Life is hard enough. Why make it harder?
That was the question Andrew Abela, dean of the Busch School of Business, posed in an on-campus Q&A to launch his new book, “Superhabits: The Universal System for a Successful Life.” The book launch was held on Oct. 22 in a full auditorium at the Busch School and streamed online.
Noting that modern research shows that habits can greatly influence our physical, mental, and emotional health — for good and for bad — Abela uses stories, science, data, and the wisdom of St. Thomas Aquinas to lay out a practical and comprehensive guide to a better life in his book. Superhabits work together to ease decision-making, interpersonal interactions, and manage emotions.
“The real thrust of the book is that most people have more difficult lives than they need to have. Life is harder than it needs to be…The reason it is harder is that there are certain aspects of being human that could almost be on autopilot,” Abela told interviewer Kathryn Lopez, B.A. 1997, who is director of the Center for Religion, Culture, and Civil Society at the National Review Institute.
He defined a superhabit as a special kind of habit, or virtue. The challenge with using the word “virtue” is people associate the word only with moral or religious right or wrong, but a habit is something anyone can acquire through practice across different parts of life.
“If we understand the virtues as habits, then they become automatic. The more you grow in virtues, the happier you are. It gets easier to be the kind of person you want to be,” Abela told the audience, referencing both Aristotle and modern research.

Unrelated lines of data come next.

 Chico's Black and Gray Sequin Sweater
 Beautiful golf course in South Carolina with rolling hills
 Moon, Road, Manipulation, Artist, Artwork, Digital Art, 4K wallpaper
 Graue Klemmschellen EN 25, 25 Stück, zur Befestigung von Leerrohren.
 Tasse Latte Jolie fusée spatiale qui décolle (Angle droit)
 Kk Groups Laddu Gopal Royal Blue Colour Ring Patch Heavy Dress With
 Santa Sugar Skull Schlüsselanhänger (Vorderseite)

In his book, he writes that developing any one of these virtues, which he calls “superpowers accessible to anyone,” helps a person become “calmer, more productive, more joyful, and healthier.” The key is to start small until the habit gets easier and becomes routine, like flossing your teeth at night or exercising a muscle, he told the audience at the book launch.

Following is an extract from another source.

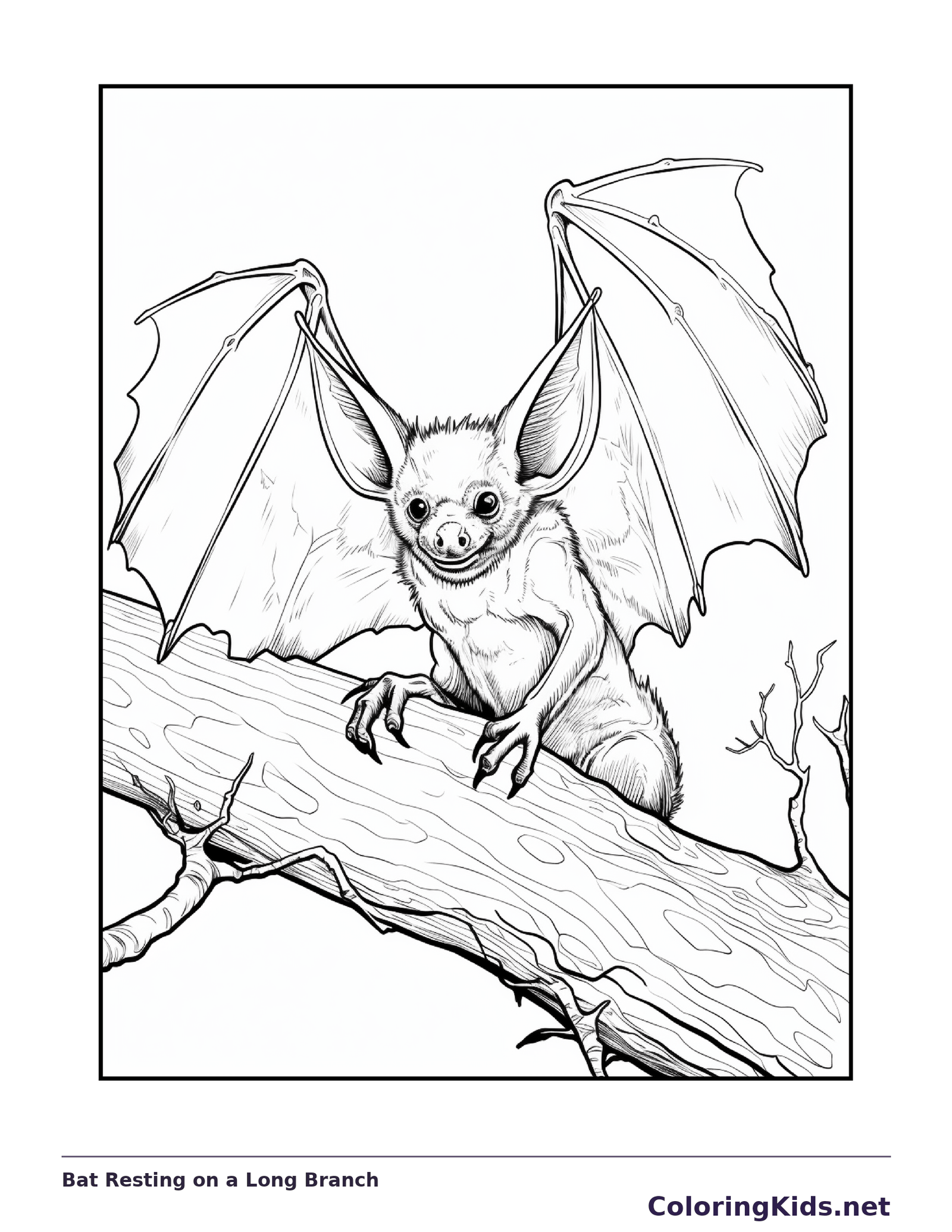 Bat Resting on a Long Branch coloring page, black and white printable line art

In his research, Abela found that both ancient philosophers and modern social scientists had developed lists of virtues, each with a different number of virtues. St. Thomas Aquinas, however, took a different approach. He developed not a list but a system of virtues that provided a superhabit for each aspect of life and showed how these superhabits worked together.
Aquinas’s “Treatise on the Virtues” is the basis of the “superhabits system” Abela developed to help individuals implement superhabits into their daily lives. In the system and the book, four super superhabits – self-discipline, courage, practical wisdom, and justice – are broken down into smaller superhabits. The most effective way to grow in the superhabit of self-discipline is to start by working on one of these smaller superhabits first before moving onto the next, Abela said.
Along with the Sophia Press book, Abela has a Superhabits Substack and a web app that uses a series of questions to help a person identify areas of strength and growth, and includes an AI “coach.” Abela also is the lead on a $1 million grant from the Educating Character Initiative to expand programs and initiatives designed to cultivate virtue among all undergraduate students at Catholic University.